By Susan Gately - 09 September, 2016

Principal of Columbine High will speak at event in Dublin highlighting mental health awareness on 14 September.

Frank DeAngelis, former principal of Columbine High.

Frank DeAngelis, former principal of Columbine High.

The principal of Columbine High School where 14 students and a teacher died in a shooting tragedy has said that counselling and his faith were what helped him cope with the traumatic events and aftermath of 20 September 1999.

Frank DeAngelis, who will speak at a fundraising event next week in Dublin for Jigsaw – the National Centre for Youth Mental Health, came to prominence as the principal who stood with the school and rebuilt a broken community after the shooting.

The day after the Columbine shooting, a friend advised Mr DeAngelis to get professional help and he got help immediately.

“I’m still in counselling. There are times when I’m re-traumatised,” he told RTE’s Ryan Tubridy.

His second support was his faith.

“I am a strong person of faith,” he said. “I was raised a cradle Catholic. I can remember two days after the tragedy Fr Ken Leone called me down to the Church and there were 1200 people there and he whispered in my ear something that allowed me to continue. He said, ‘Frank you were spared on that particular day. Now you need to go and rebuild that community. You will not have to walk that journey alone’.”

Fr Leone told the Colombine principal that the road would be tough. “There’s going to be days when you are saying ‘Why me, why me?’ But God will be with you.”

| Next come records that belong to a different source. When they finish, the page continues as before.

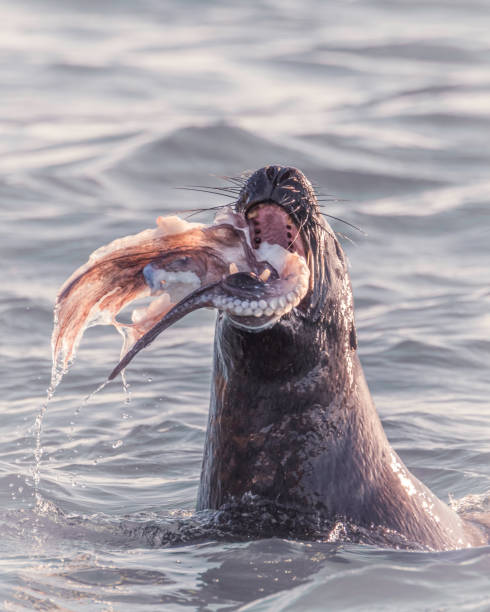 istock Sea lion devouring an Octopus at Dunedin NZ wildlife capital 1591093941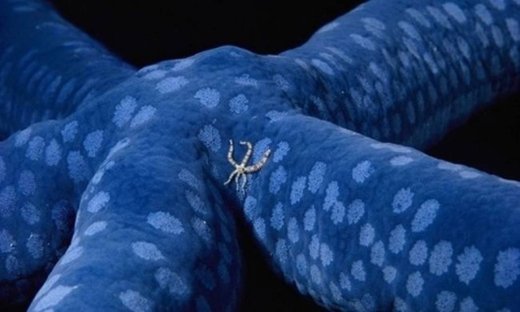 Οι καλύτερες φωτογραφίες του National Geographic για τη χρονιά που πέρασε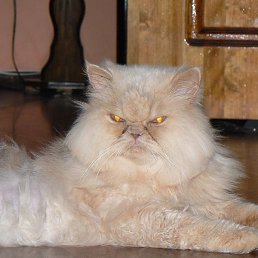 ����, �����-���������, 100 ���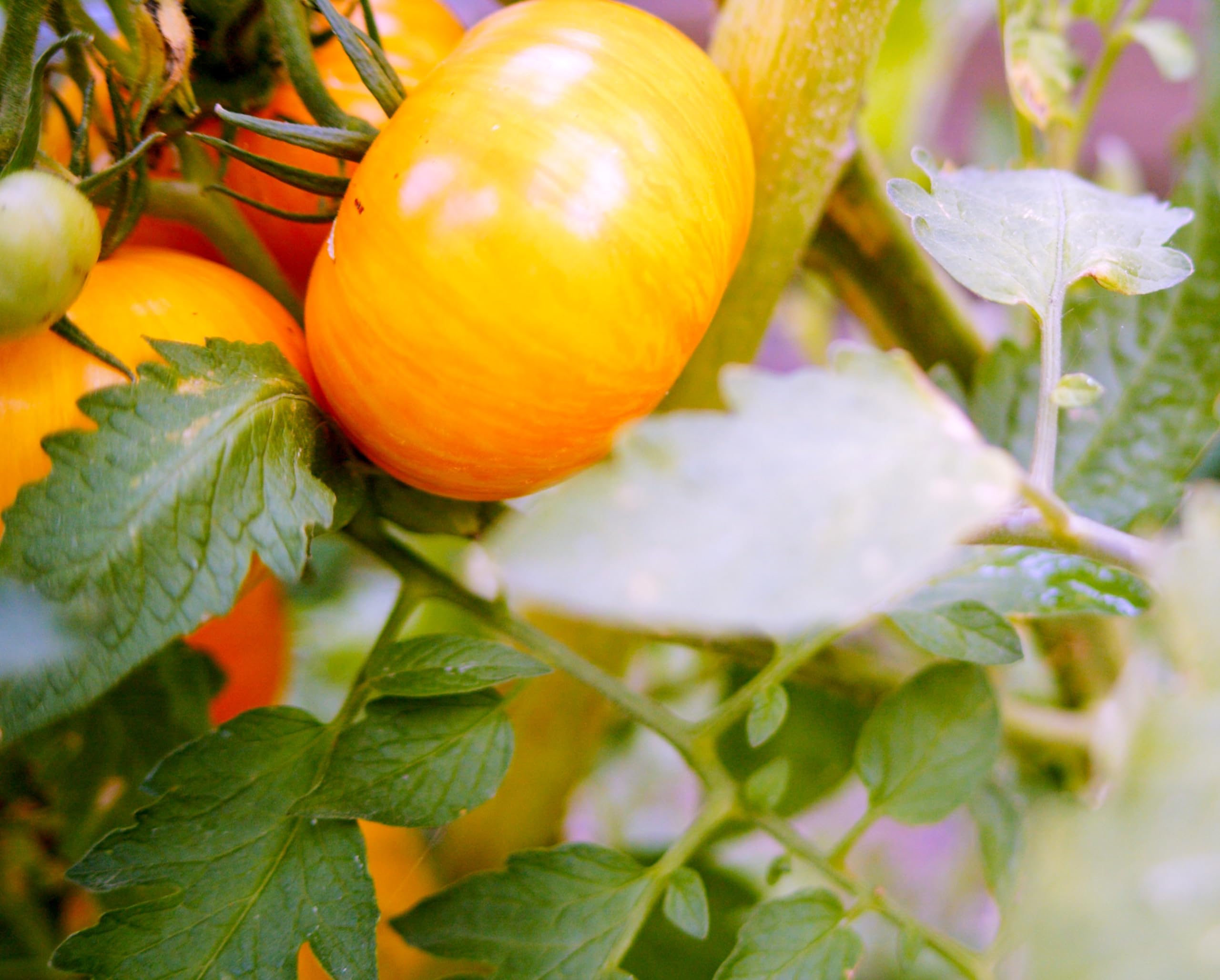 Sereniseed Black Krim seeds for deep-flavored roasting tomatoes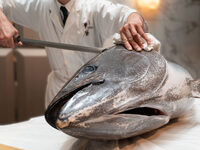 【1/23(金)限定ディナー(大人)】 Premium Buffet 極 －KIWAMI－ 第9弾  日本料理 「鮪 解体ショー」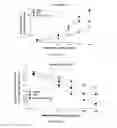 Fig. 17 - COMPOSITIONS AND METHODS FOR TREATING ALLERGIC CONDITIONS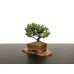 Photo4: Picea jezoensis / Yezo Spruce, Yezomatsu / Small size Bonsai 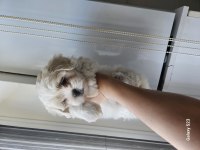 Maltese bebiş köpekler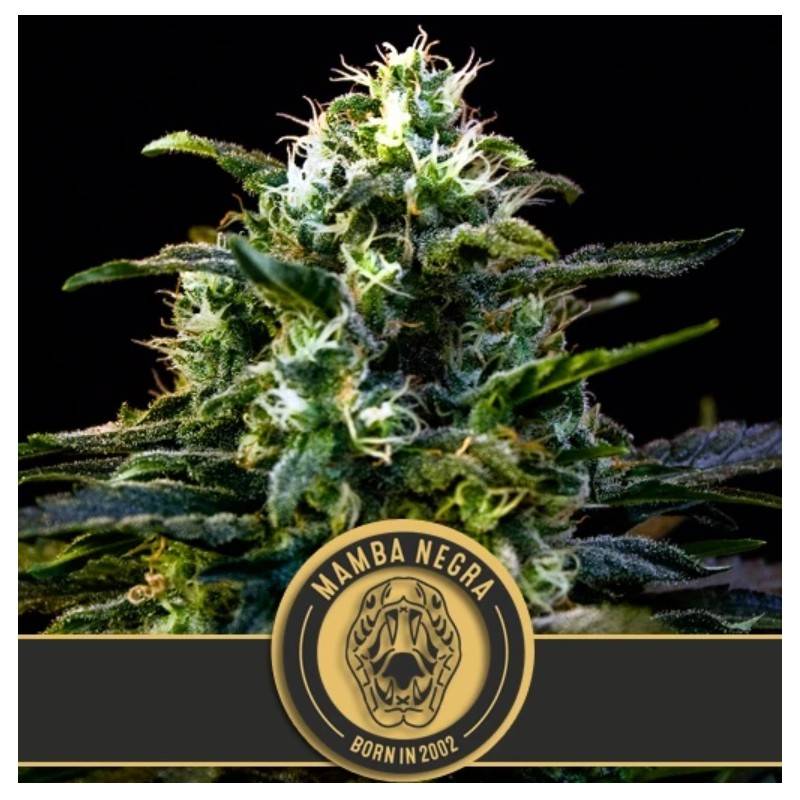 Mamba Negra · Blimburn Seeds · semillas de marihuana · Fem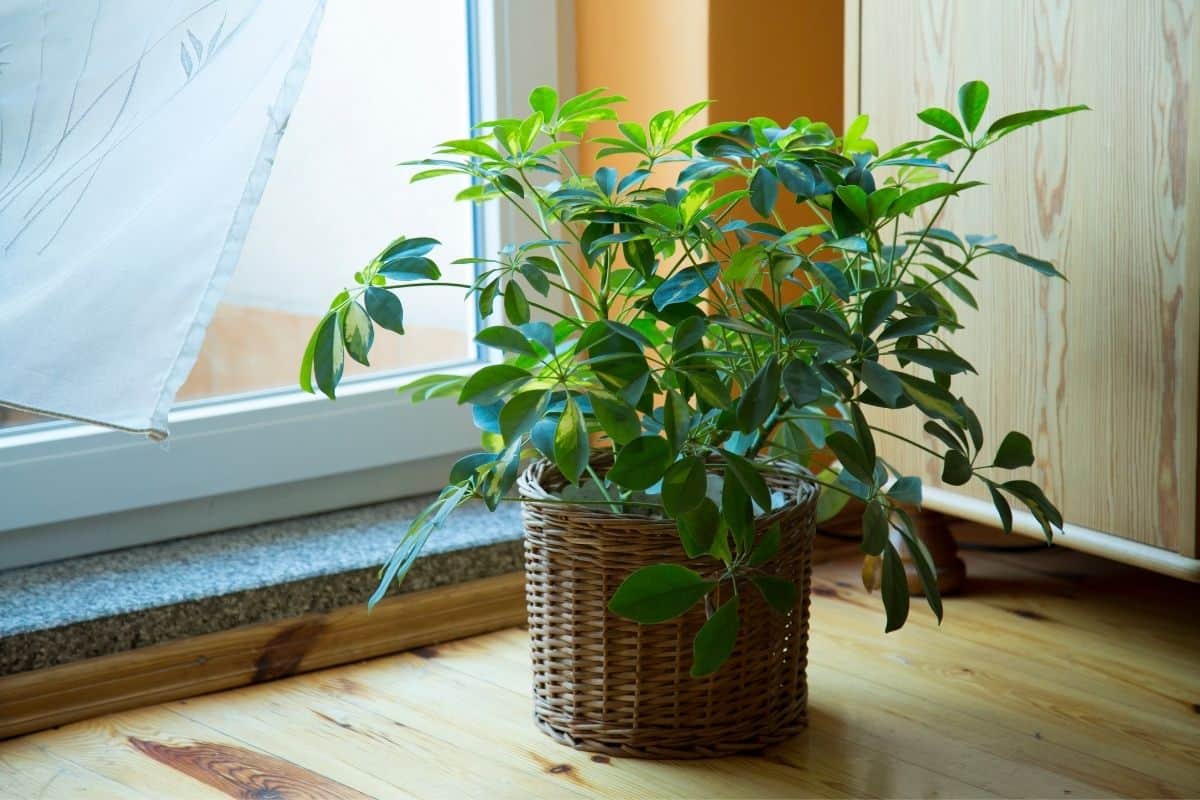 Are Schefflera Plants Poisonous? (Dogs, Cats & Other Animals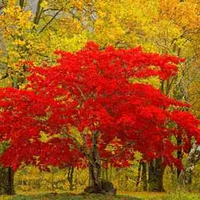 RED TREE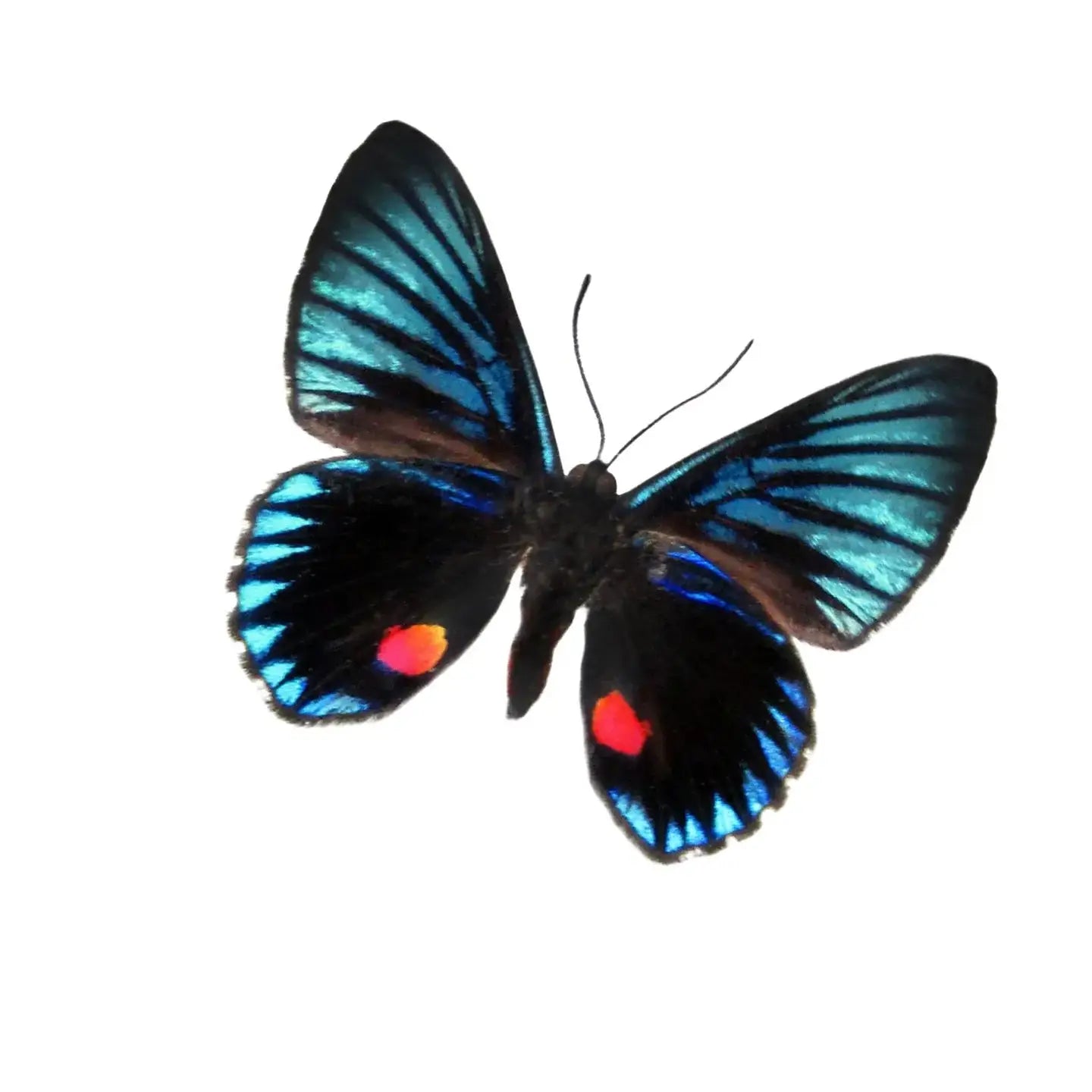 Necyria Butterfly Diorama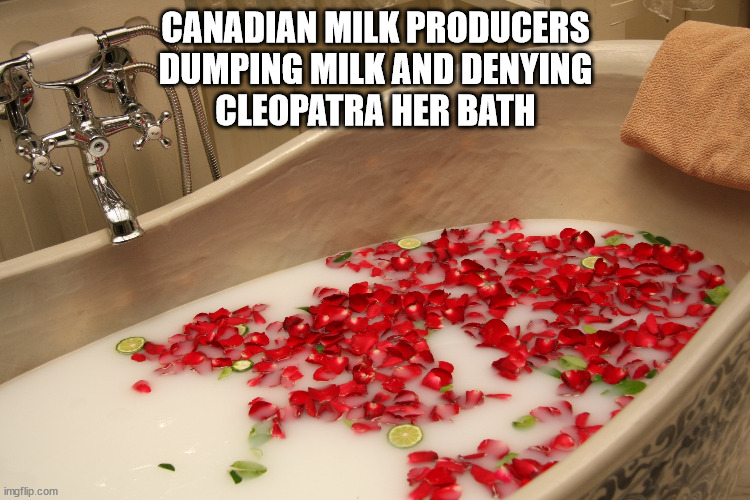 Celo's Bath | CANADIAN MILK PRODUCERS
DUMPING MILK AND DENYING
CLEOPATRA HER BATH | image tagged in milk_bath_spa_in_dvn_ 2413988302 | made w/ Imgflip meme maker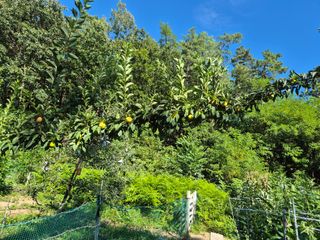 김종열님의 자두 · 영농일지 작성글 사진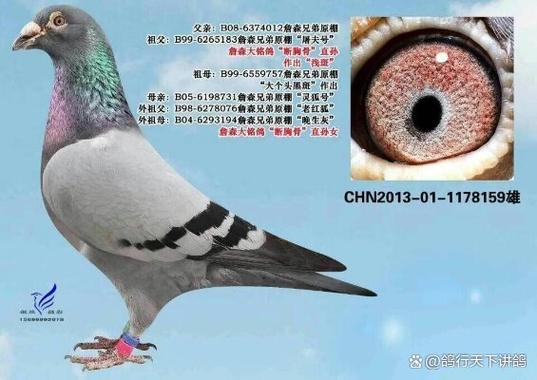 鸽子转脖子最快的解决方法图标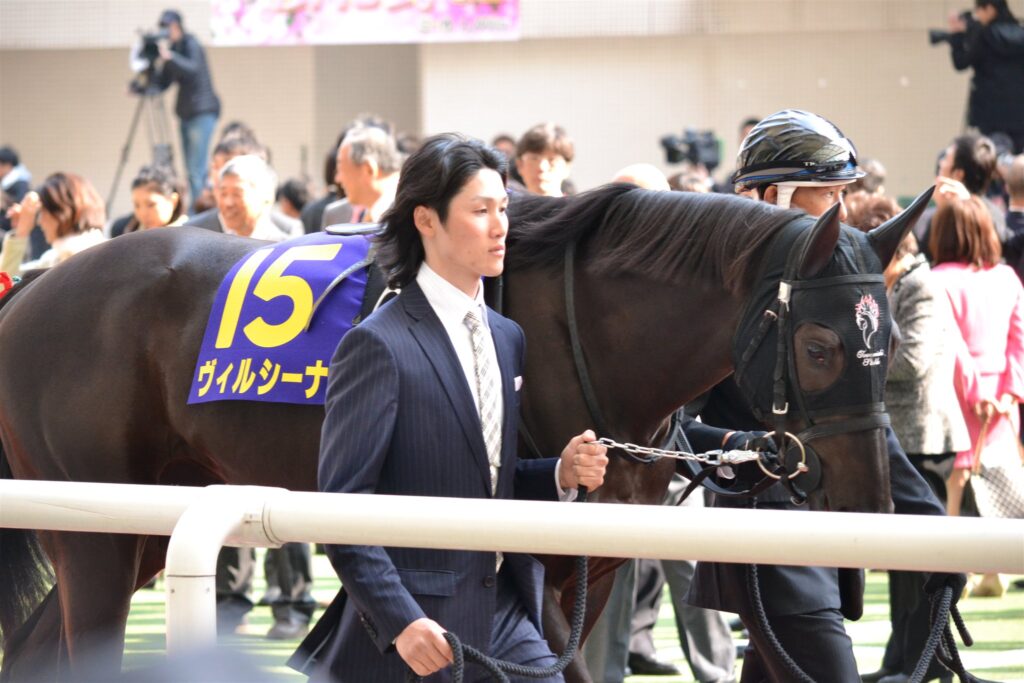 2012年桜花賞のパドックを周回する15番ヴィルシーナ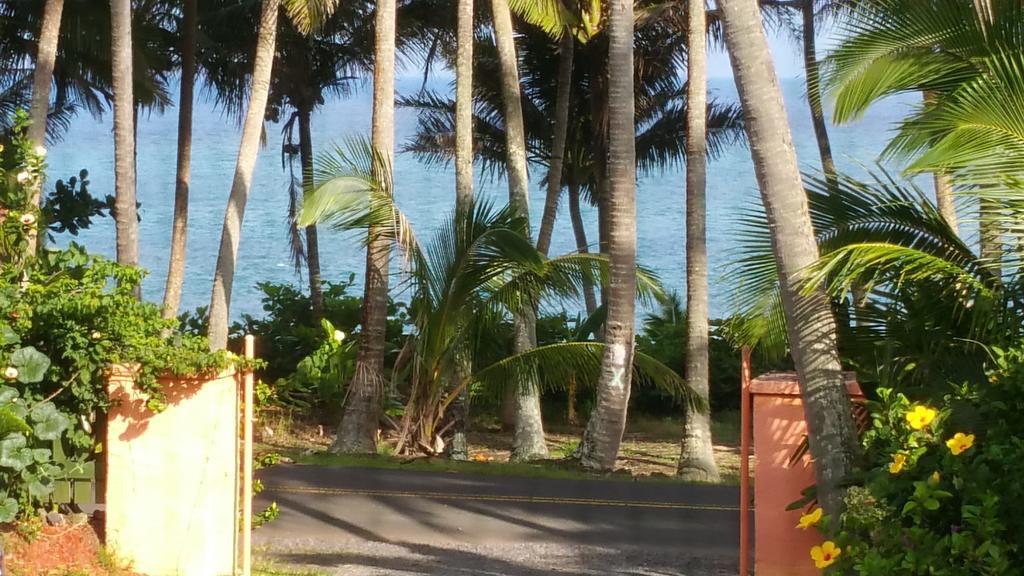Whale House At Kehena Beach Pahoa Rom bilde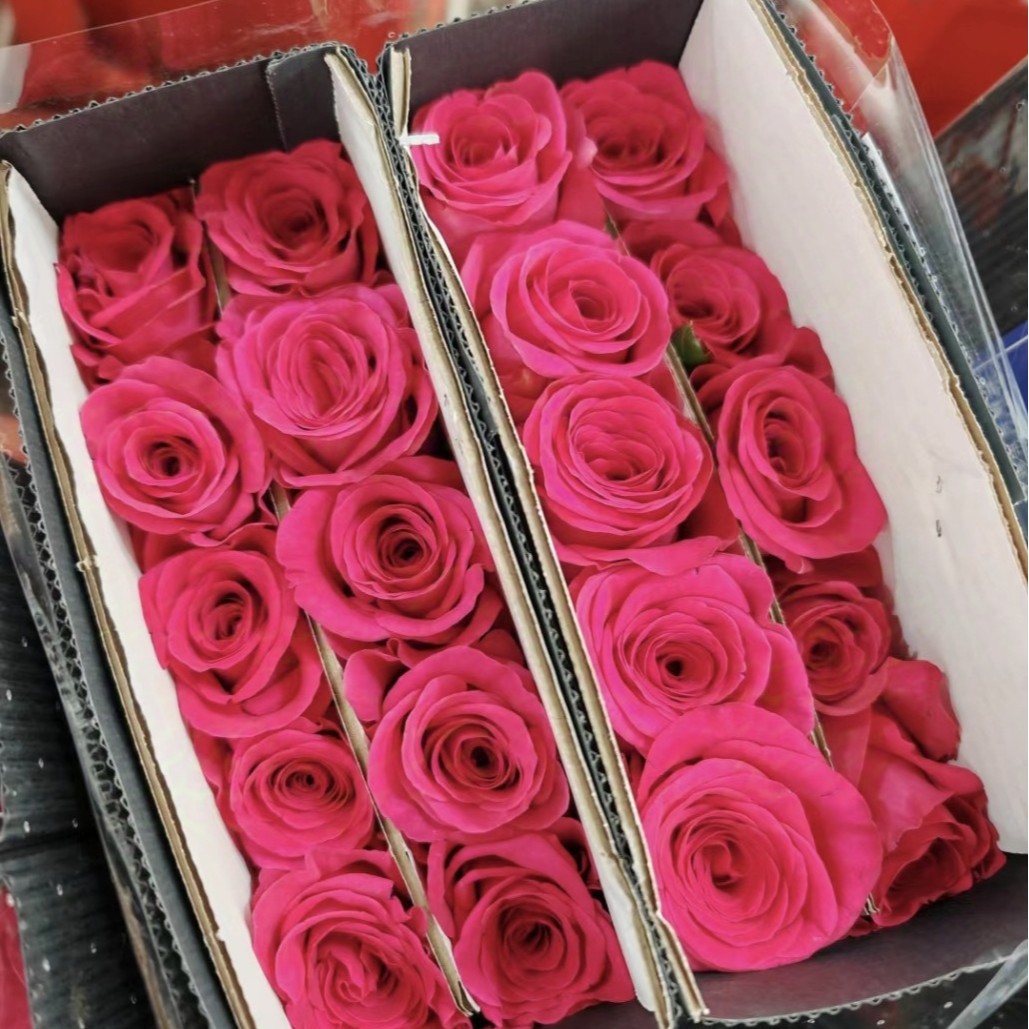 Freshly Picked Flowers from Yunnan, Direct Delivery Roses Wholesale for Home Use, Flower Shop Group Purchase, Bouquets for Stalls, Wedding Celebrations, Single Heads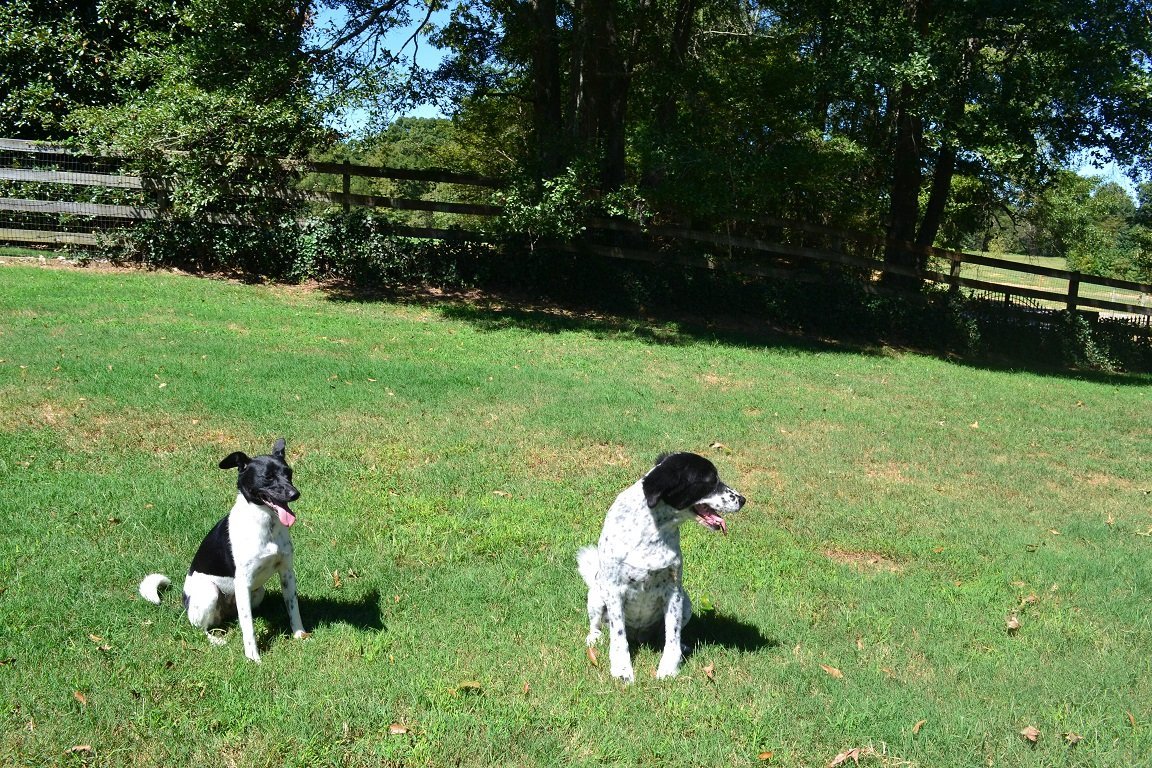 Dog boarding Byhalia, MS Edgewood Farm and Kennel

Mr DeAngelis said talking to a professional counsellor helped him to come up with coping skills.

People who have been traumatised or who suffer with mental problems often believe it is enough to talk to a spouse or close friend.

“If you were to break an arm would you allow your wife or your husband or your best friend to cast it or surgically repair it?” is his response.

“Why with what you are dealing with, with what you are witnessing, are you not going to seek professional help.”

He also believes that parents must be parents and not their childrens’ ‘best friends’, and they have to be ready to intervene.

“I get this thing [from parents] all the time: ‘My son or my daughter has certain rights.’ You need to be a parent. If you need to go into their rooms and see what is going on, or see who their friends are – then you need to do that. That is the role of a parent.”

“So many times I’ve had parents say ‘I can’t do that. It is violating a right’. But I say ‘By doing something like that, you are taking a strong interest in your child’s life, you may be saving their life’.”

Frank DeAngelis will be the guest speaker at a public event, Frank DeAngelis – Lessons learned: in conversation with Jigsaw’s Tony Bates raising funds for Jigsaw – the National Centre for Youth Mental Health at the Mansion House in Dublin next Wednesday 14 September from 6.30 to 8.30pm. Tickets cost €25.

During the conversation, Mr DeAngelis will cover topics such as the importance of being present and staying involved as parents, even when adolescents tell us we’re not needed; staying in touch with the role of social media in young people’s lives; how to spot the often subtle signs of a young person in distress and the role of self-care in our work on behalf of young people.